Ressignificar legados Assim como as tradicionais maisons Chanel e Dior, que precisaram “descobrir” no mercado da moda nomes para substituir seus criadores-fundadores, outras maisons que desempenharam trajetórias relevantes para a moda mundial no passado e que de certa forma estavam fora de cena precisaram recorrer ao mesmo fundamento em seus retornos.
As famosas Balmain e Schiaparelli, ícones da moda celebradas até o início da segunda metade do século 20 e que haviam se retirado, regressaram com novos olhares criativos, mas também respeitando e preservando seus legados, isto é, os DNA de cada uma delas.
Outros exemplos são a Gucci e a Mugler. É exatamente isso o que a Pierre Cardin está tentando fazer de forma democrática ao se propor a viajar por alguns países, para garimpar e perceber a mescla entre criatividade, consciência de mercado para as demandas contemporâneas e preservação do legado histórico no processo de criação.
Aluna da FAAP vence concurso Ao final do desfile, o presidente da Maison Pierre Cardin Paris anunciou os nomes dos finalistas do “Concurso Pierre Cardin Young Designers Contest 2023”, que participaram do workshop homônimo com estilistas da grife um dia antes na sede da Vicunha Têxtil, na capital paulista. A aluna Letícia Porto Viol, do último ano do Curso de Moda da Fundação Armando Álvares Penteado (FAAP, SP), venceu o concurso e receberá um estágio de três meses na maison em Paris com despesas de translados, acomodação e alimentação inclusas. Caso ocorra sinergia entre ela e equipe de grife poderá ser efetivada no quadro de funcionários e passar a integrar o time.
Os outros cinco finalistas anunciados por Rodrigo Basilicati Cardin foram David Lorenzo Chaddad (do Centro Universitário Belas Artes de São Paulo, SP); Felipe Zanin Navarro e Lucas Lima Garcia (ambos da Universidade Estadual de Maringá, PR); Natália Gibele Wolkmer (do Senac Porto Alegre, RS); e Vitória Ribeiro Stersa (da Universidade Estadual de Londrina, PR).

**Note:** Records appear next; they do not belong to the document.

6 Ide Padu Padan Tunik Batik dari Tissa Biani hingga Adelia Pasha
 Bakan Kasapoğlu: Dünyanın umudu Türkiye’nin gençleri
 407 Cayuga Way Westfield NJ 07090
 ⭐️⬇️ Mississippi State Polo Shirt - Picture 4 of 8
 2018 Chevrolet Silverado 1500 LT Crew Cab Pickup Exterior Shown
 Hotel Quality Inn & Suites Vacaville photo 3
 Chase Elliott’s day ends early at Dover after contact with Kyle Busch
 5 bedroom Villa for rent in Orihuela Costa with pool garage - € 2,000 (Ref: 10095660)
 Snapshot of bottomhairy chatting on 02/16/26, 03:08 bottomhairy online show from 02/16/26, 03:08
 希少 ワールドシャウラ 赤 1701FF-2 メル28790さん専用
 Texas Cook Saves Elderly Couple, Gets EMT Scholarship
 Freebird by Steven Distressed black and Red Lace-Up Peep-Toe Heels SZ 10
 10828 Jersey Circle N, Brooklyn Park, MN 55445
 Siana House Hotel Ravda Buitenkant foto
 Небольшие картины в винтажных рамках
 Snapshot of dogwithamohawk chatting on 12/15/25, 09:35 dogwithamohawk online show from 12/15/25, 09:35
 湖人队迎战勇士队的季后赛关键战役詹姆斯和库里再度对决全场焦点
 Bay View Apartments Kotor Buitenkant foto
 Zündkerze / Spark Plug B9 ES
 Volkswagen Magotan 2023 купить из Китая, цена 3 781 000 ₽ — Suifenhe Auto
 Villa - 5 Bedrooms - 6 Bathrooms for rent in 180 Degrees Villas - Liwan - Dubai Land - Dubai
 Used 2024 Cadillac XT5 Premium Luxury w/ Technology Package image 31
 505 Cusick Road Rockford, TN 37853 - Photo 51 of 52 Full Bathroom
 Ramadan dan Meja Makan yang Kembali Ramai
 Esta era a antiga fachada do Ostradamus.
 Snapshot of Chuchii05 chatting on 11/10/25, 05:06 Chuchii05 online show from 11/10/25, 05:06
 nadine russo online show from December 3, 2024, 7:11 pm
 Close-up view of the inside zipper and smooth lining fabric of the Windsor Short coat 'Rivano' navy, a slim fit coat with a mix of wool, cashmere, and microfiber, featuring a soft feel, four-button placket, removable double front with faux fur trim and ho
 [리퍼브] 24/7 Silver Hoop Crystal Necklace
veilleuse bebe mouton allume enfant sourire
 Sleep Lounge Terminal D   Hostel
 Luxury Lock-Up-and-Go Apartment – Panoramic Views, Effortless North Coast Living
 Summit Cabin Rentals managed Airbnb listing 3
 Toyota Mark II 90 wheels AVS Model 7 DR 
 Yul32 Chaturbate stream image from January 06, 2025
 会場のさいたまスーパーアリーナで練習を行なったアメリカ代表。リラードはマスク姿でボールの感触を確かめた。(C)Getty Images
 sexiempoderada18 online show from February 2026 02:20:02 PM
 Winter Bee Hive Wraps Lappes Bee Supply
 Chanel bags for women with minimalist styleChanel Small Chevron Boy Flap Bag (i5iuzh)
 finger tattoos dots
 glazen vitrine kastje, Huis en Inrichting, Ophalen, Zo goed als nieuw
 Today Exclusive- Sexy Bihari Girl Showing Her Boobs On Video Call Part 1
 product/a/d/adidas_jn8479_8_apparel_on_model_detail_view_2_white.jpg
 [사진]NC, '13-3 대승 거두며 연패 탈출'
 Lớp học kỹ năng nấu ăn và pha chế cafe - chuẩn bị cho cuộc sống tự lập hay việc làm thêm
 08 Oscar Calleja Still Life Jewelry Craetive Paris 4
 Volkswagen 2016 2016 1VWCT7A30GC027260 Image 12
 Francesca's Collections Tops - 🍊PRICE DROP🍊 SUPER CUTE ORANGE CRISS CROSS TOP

Dentre os 600 croquis enviados por estudantes de diversas instituições de ensino superior de moda, provenientes de 13 estados brasileiros, 40 croquis de discentes foram selecionados como semifinalistas para o workshop. Duas delas são de universidades mineiras. Marina de Godoy, do Curso de Design de Moda da Escola de Belas Artes da Universidade Federal de Minas Gerais (EBA-UFMG), e Cristielen Taborda, do Curso de Moda do Instituto de Artes e Design da Universidade Federal de Juiz de Fora (IAD-UFJF), as quais passaram pelo rigoroso crivo da equipe de jurados e foram convidadas para participar do workshop.
A ideia desse concurso é mapear no mundo jovens criadores com espírito criativo e que traduzam a filosofia da marca em seu processo de rejuvenescimento. Para o ano de 2023, a Maison Pierre Cardin Paris já o realizou na Coréia do Sul e no Brasil. Os dois outros próximos países que receberão a equipe ainda nesse ano serão Israel e China. E anteriormente já passou pelos Estados Unidos da América e pelo México. Em cada um dos países, um jovem estudante que está no último ano do curso de moda é selecionado para estagiar na maison e tentar criar sinergias entre seus olhares e percepções de uma moda contemporânea criativa e que preserve e avance cada vez com o legado do criador Pierre Cardin.
Tarcisio D’Almeida, 50 anos, é professor doutor e pesquisador do Curso de Design de Moda da EBA- UFMG; líder do grupo de pesquisa “Moda: Teorias e Processos Criativos” (CNPq), autor do livro “Moda em Diálogos: Entrevistas com Pensadores” (Memória Visual, 2012).